* Sebastian Reitenbach <[email protected]> [2012-04-17 10:40]:
> On Tuesday, April 17, 2012 09:35 CEST, Henning Brauer <[email protected]> 
> wrote: 
>  
> > * Marcin <[email protected]> [2012-04-17 08:59]:
> > > I am looking for a hardware recommendation for a new OpenBSD based
> > > firewalls. So far I have been using IBM x336s, but they are slowly
> > > approaching end of life.
> > > 
> > > What I am after:
> > > * 1U i386/amd64 server,
> > > * 2 sockets,
> > 
> > what for? unless you run extremely heavy userland proxies, you don't
> > get much (any) benefit, especially given that the one-socket machines
> > are all 4core now.
> > 
> > > * RAID 1 SAS/SATA controller (2 hard drives are enough)
> > 
> > what for? that increases complexity and thus chance to fail with no
> > benefit. you have no precious data on those disks and have two
> > machines.
> > 
> > I'm very happy with Supermicro X9SC* based systems, with Xeon E3-1220
> > and an Intel SSD. Check with your local supplier for exact model
> > options. Superior performance, 35W idle, no trouble whatsoever, fair
> > pricing.
> 
> Sorry for hijacking the thread, but I was going to ask a very similar 
> question later today.
> I've seen, some of those boards have IPMI interface, which would be one of my 
> requirements.

I don't use their ipmi, all hail cereal consoles.
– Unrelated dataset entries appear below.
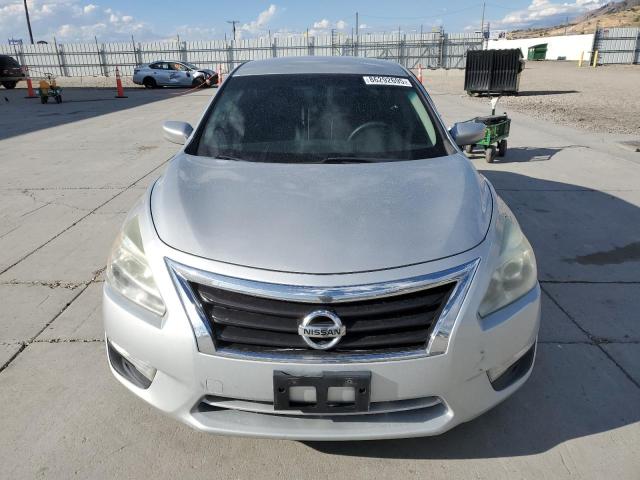 2013 NISSAN ALTIMA 2.5 - 1N4AL3AP7DN548472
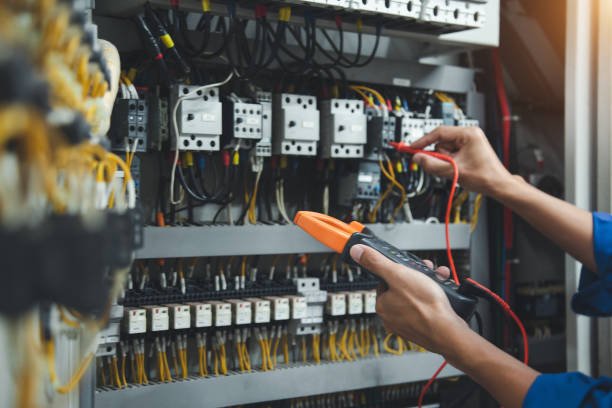 Best Electrical Contractors for Businesses  in Etowah, TN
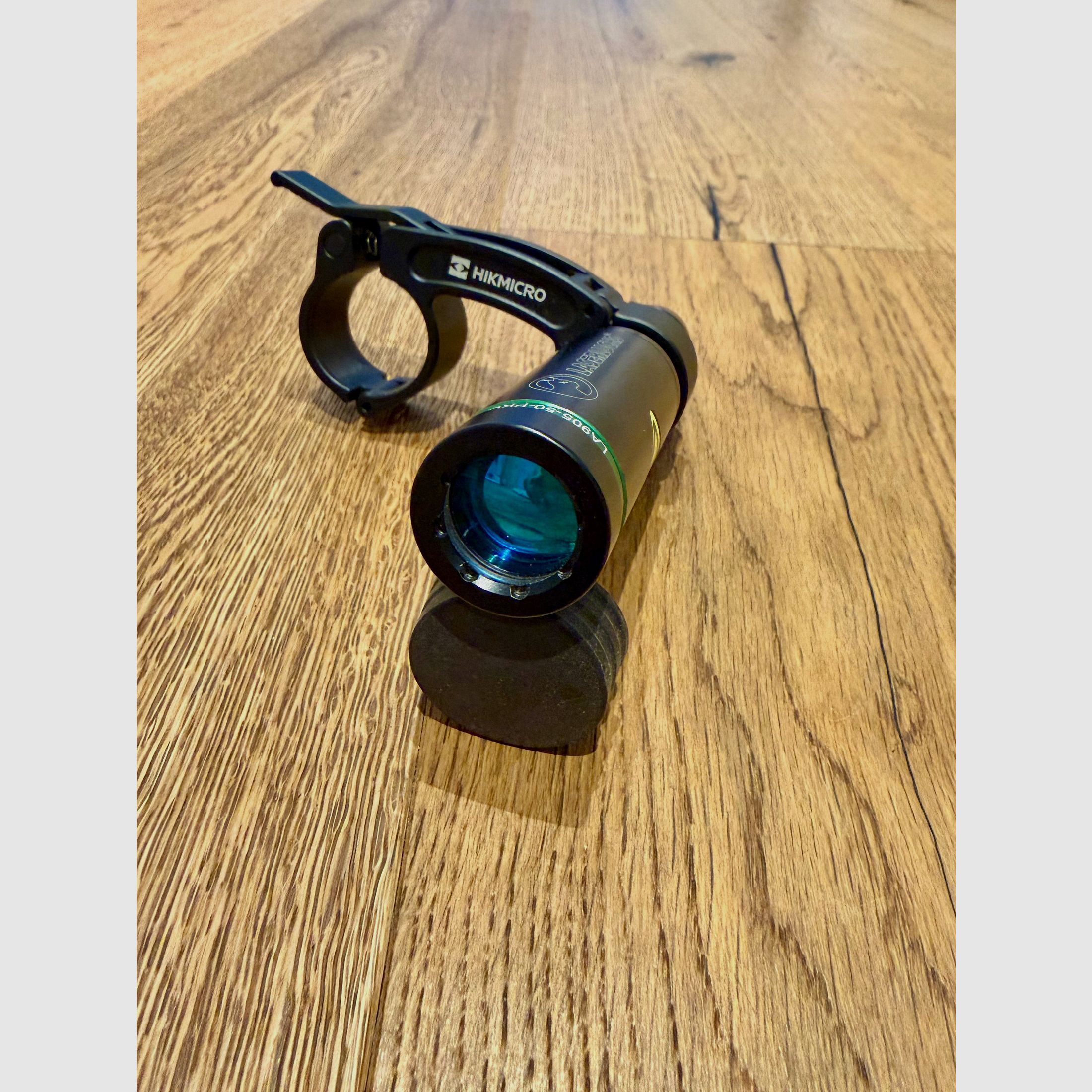 Laserluchs Infrator-Strahler 905nm (LA905-50-PRO II)
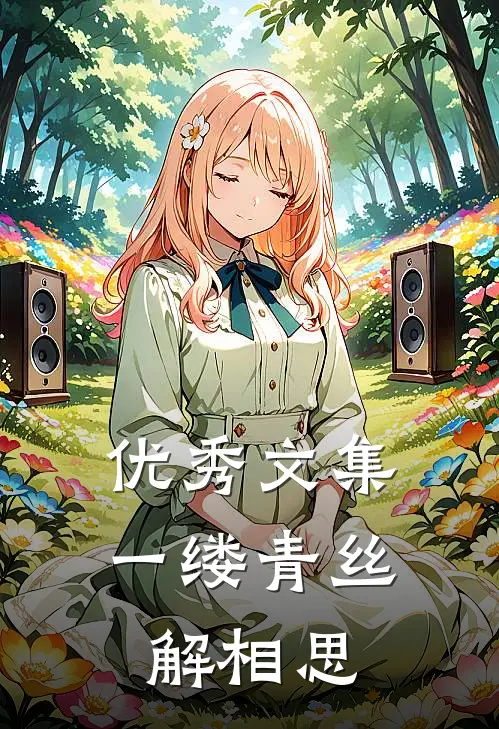 优秀文集一缕青丝解相思
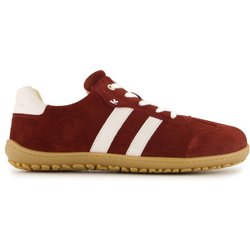 Koel - Ilo Suede - Barfußschuhe Gr 41 weiß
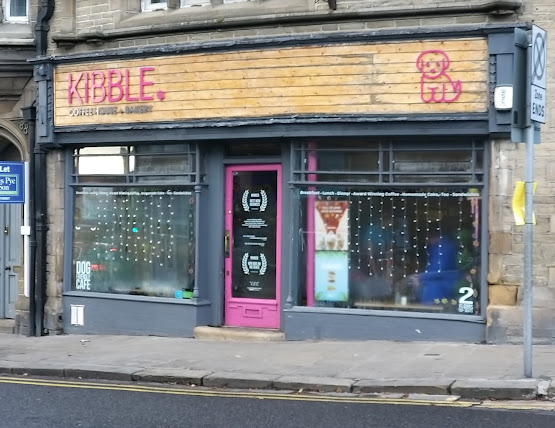Kibble Bakery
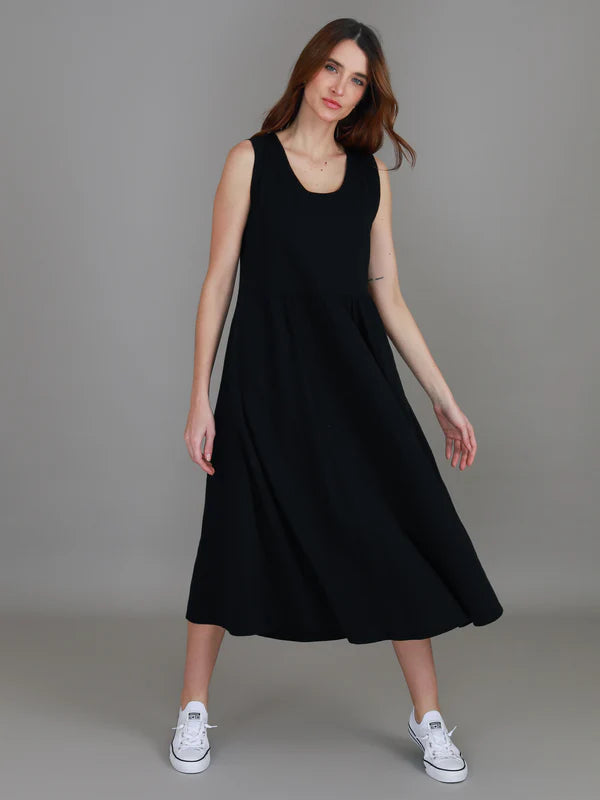 3RD Story Purdie Dress 2013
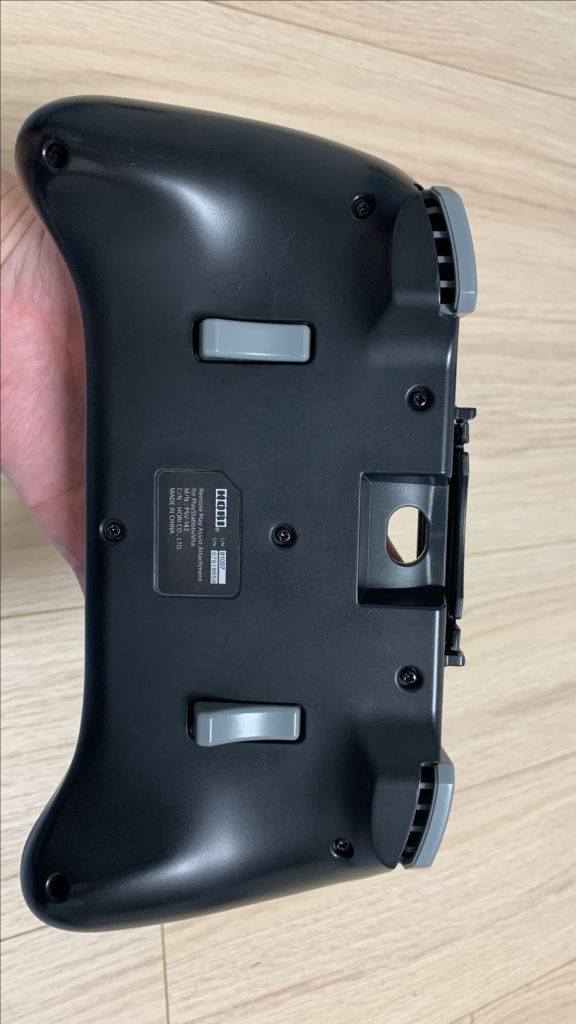 소니 PS비타 2세대용 호리그립 PS VITA 팝니다 이미지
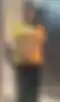 Blurred helper photo preview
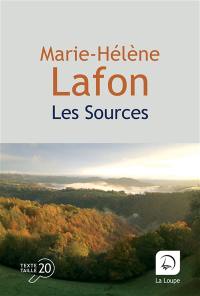 Les sources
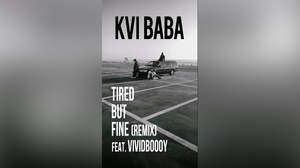 Kvi Baba、vividboooyとのコラボ曲を最新のiPhone 12 ProMaxで撮影した縦型MV公開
> The processor with its 4 cores should probably be fine handling a few 
> ftp-proxy and relayd.

easily.

> I'd like to put in two 10GB ethernet adapters, CX or fibre is still to be 
> decided. Looking 
> at the amd64.html page, I found the ixgb, ix, xge and tht supported. Looking 
> at the manual
> pages, I'd probably go for the xge based cards, since they support checksum 
> offload and 
> VLAN tag insertion and stripping, to move some load from the CPU on to the 
> network cards. 

CPU cycles are not your problem really. memory bandwidth is another story.

> I'd like to know if my assumption to the cards are right, and whether this 
> box would be able
> to handle that kind of bandwidth the cards provide. It actually only needs to 
> handle about 3GB/s,
> but don't want to start trunking GigaBit interfaces. Or if I'm wrong with my 
> assumptions,
> if someone has good experience with other 10GbE adapters.

it should, I think, but this is always a bit hard to predict.